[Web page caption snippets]
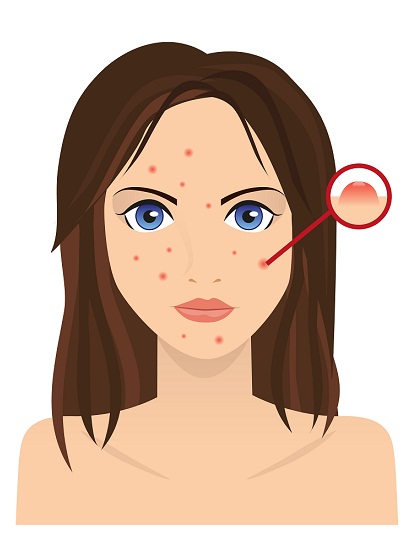 ayurvedic treatments for pimples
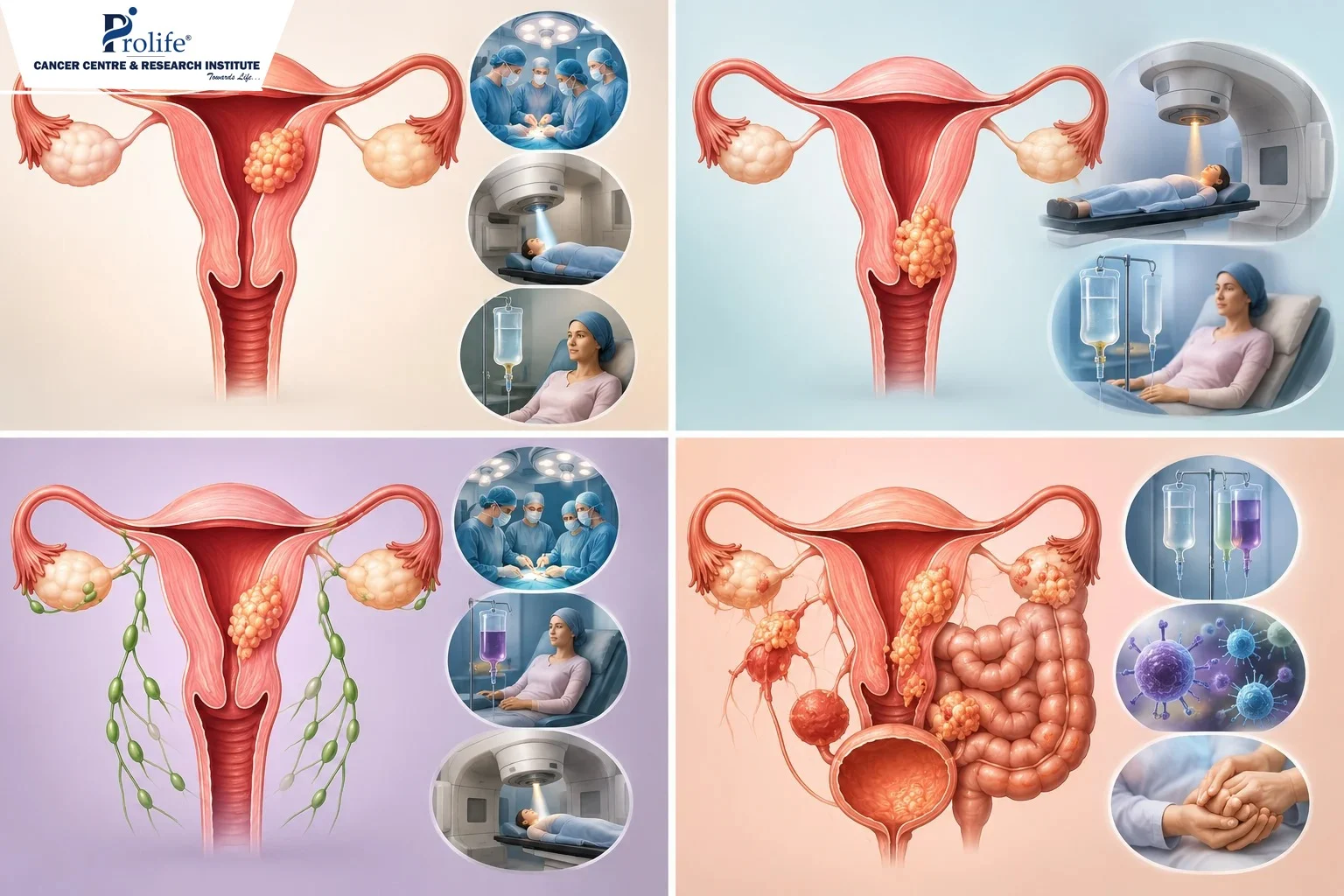 WhatsApp Image 2026-08-19 at 3.05.13 PM endometrial-cancer-causes-risk-factors-pune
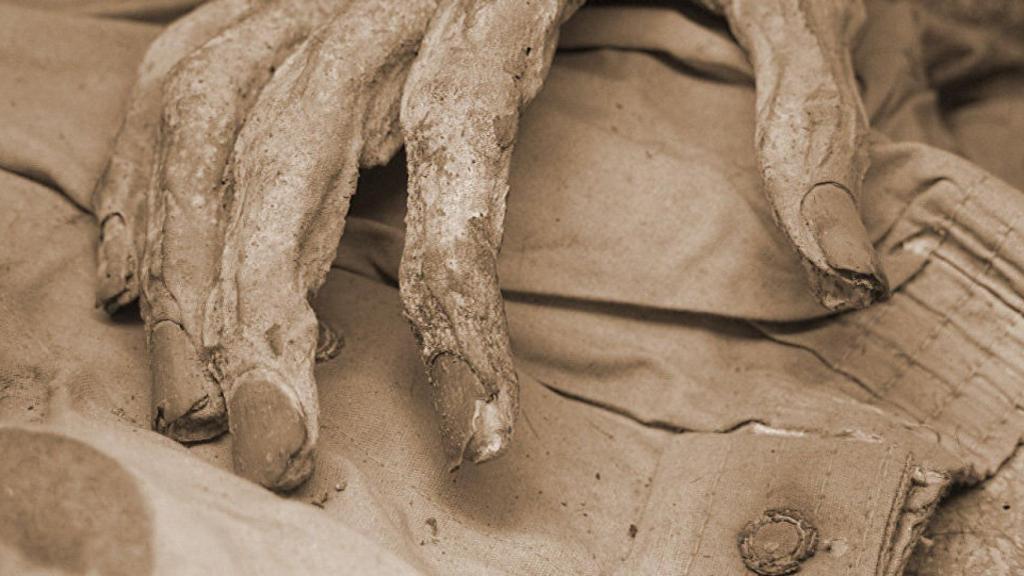 Cadáver momificado.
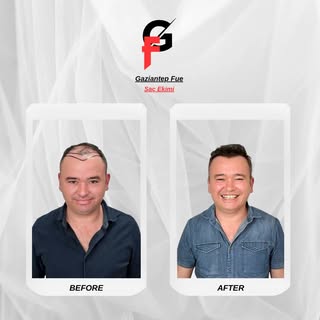 Gaziantep Fue ile Yepyeni Bir Sen: Doğal ve Kalıcı Çözüm!

#SaçEkimi #HairTransplant #GaziantepSaçEk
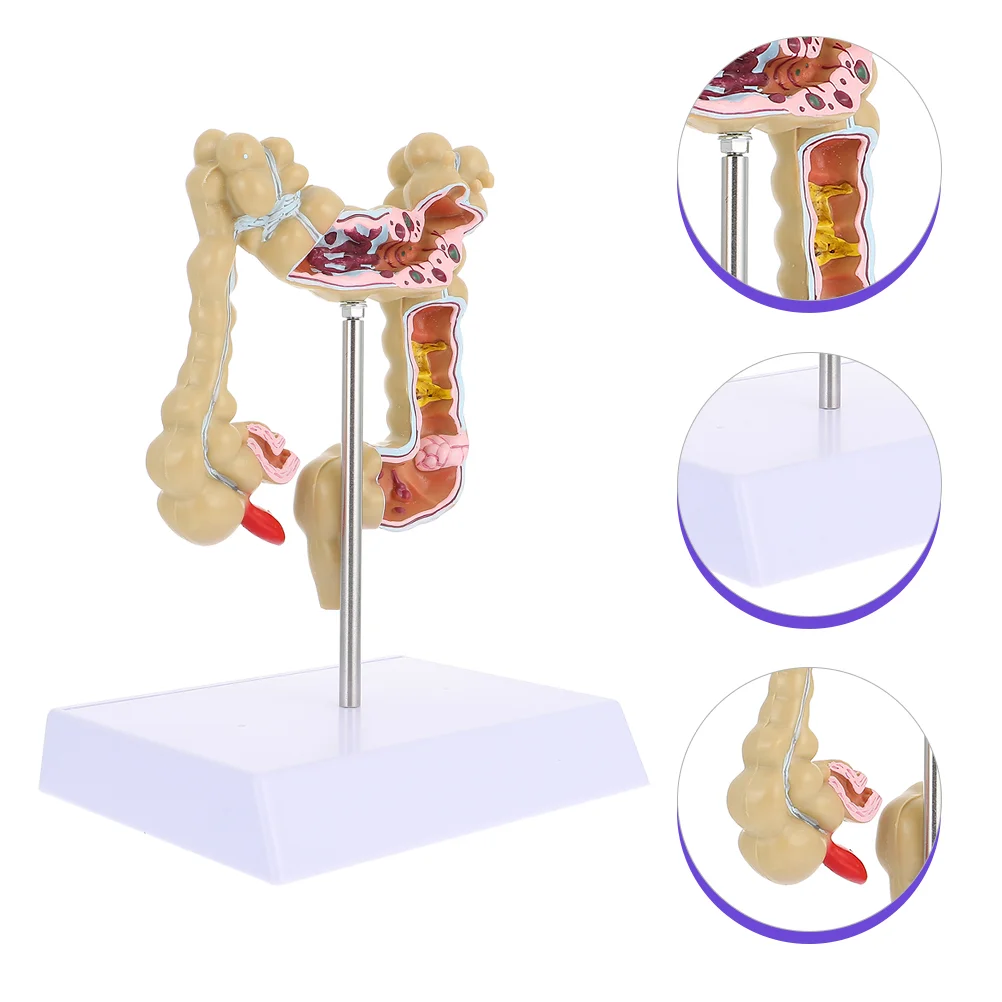 

Human Pathology Large Intestine Model Colon Pathological Teaching Model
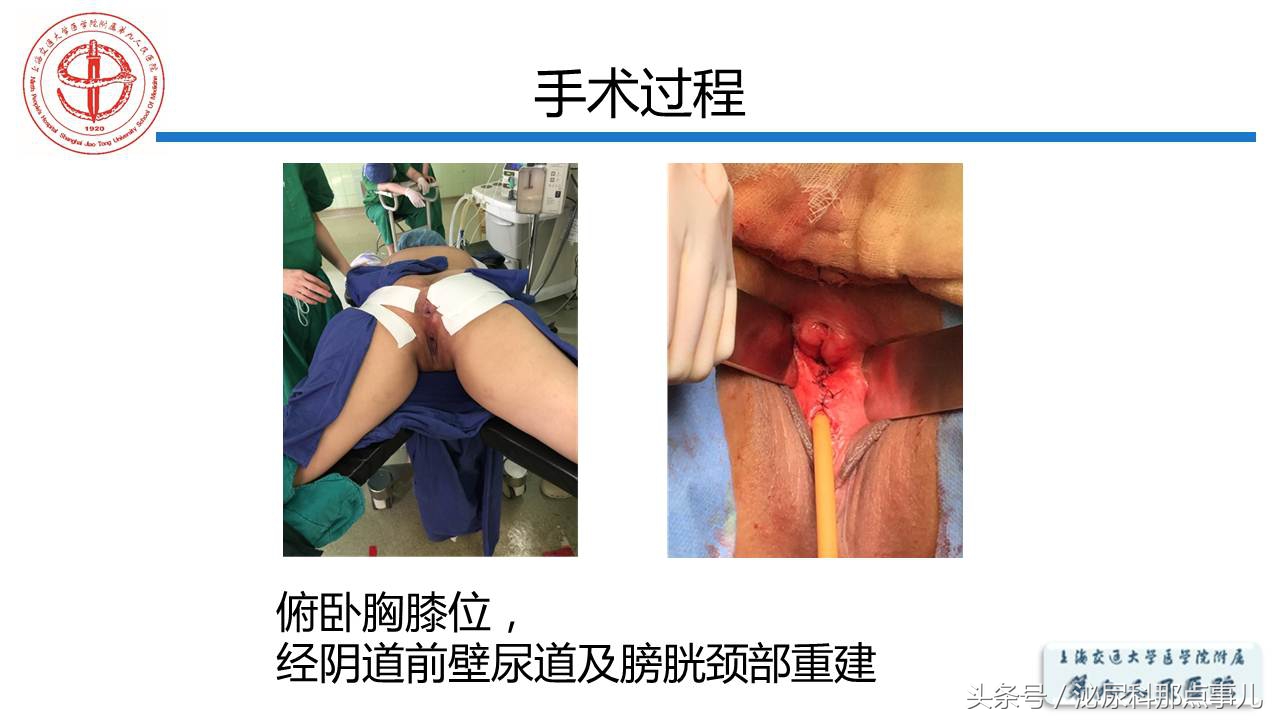 泌尿男科王忠教授,泌尿外科专家王忠教授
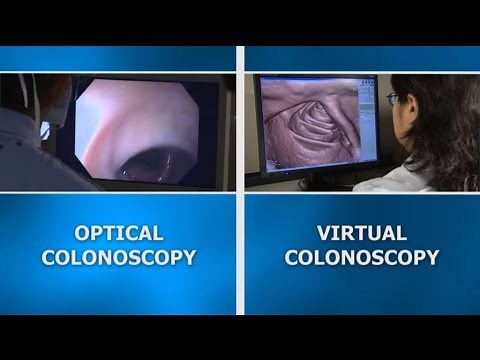 Colonoscopy screening: Virtual vs. optical colonoscopy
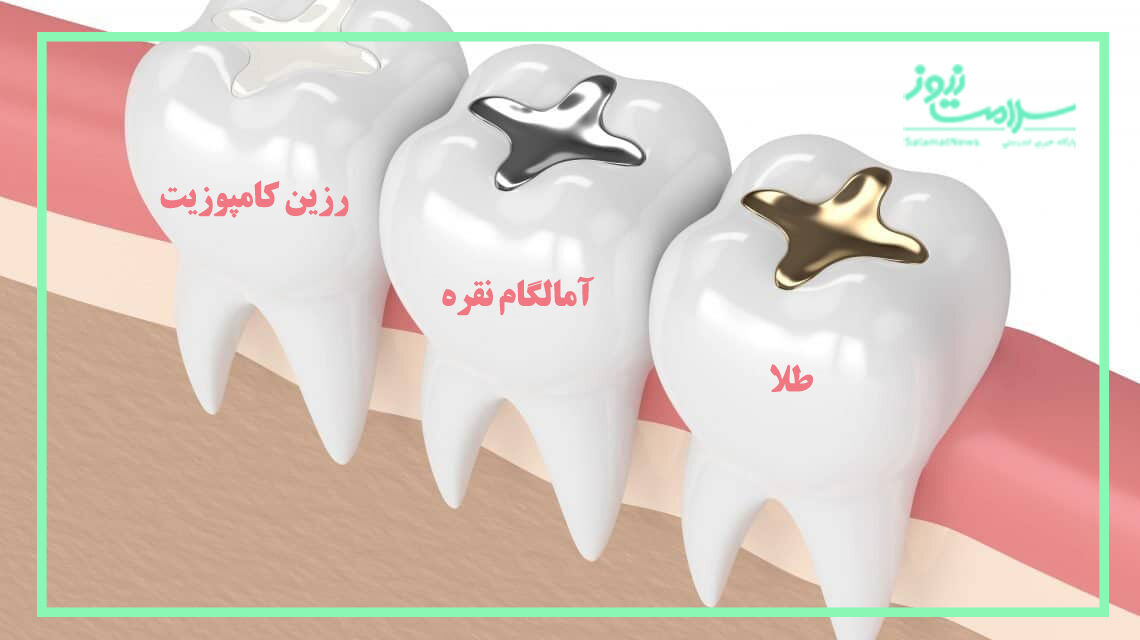 درمان زودهنگام پوسیدگی های دندان
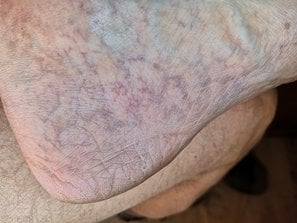 Heel Blood Stasis Veins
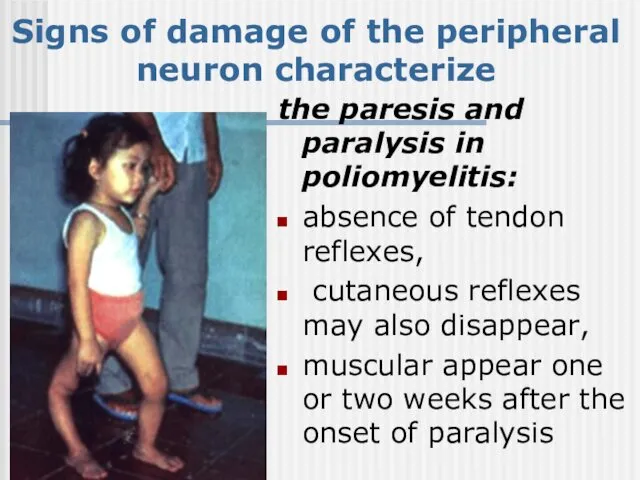 Signs of damage of the peripheral neuron characterize the paresis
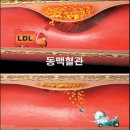 나쁜 콜레스톨 내리기 이미지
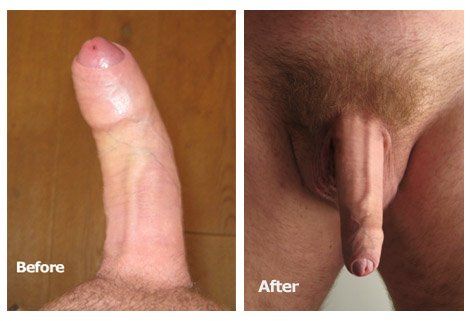 Congo reccomend Downwards curved dick porn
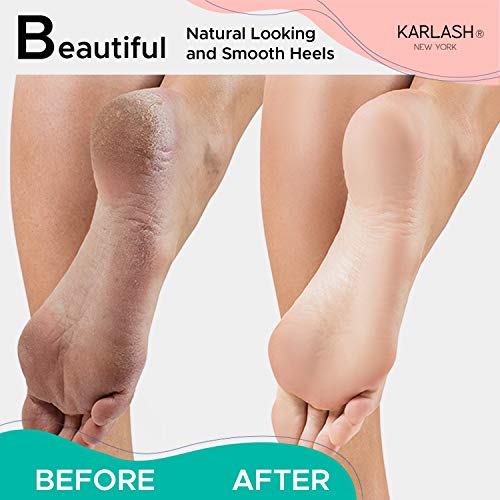 Karlash Професионална Педикюрная пемза за премахване на мазоли на краката и Скрубер за отстраняване на мъртвата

■ **EXERCISE BRIEF**
The records above must be retyped exactly. Please omit the pictures.

■ **SOLVED PROBLEM**
 ayurvedic treatments for pimples
 WhatsApp Image 2026-08-19 at 3.05.13 PM endometrial-cancer-causes-risk-factors-pune
 Cadáver momificado.
 Gaziantep Fue ile Yepyeni Bir Sen: Doğal ve Kalıcı Çözüm!

#SaçEkimi #HairTransplant #GaziantepSaçEk

Human Pathology Large Intestine Model Colon Pathological Teaching Model
 泌尿男科王忠教授,泌尿外科专家王忠教授
 Colonoscopy screening: Virtual vs. optical colonoscopy
 درمان زودهنگام پوسیدگی های دندان
 Heel Blood Stasis Veins
 Signs of damage of the peripheral neuron characterize the paresis
 나쁜 콜레스톨 내리기 이미지
 Congo reccomend Downwards curved dick porn
 Karlash Професионална Педикюрная пемза за премахване на мазоли на краката и Скрубер за отстраняване на мъртвата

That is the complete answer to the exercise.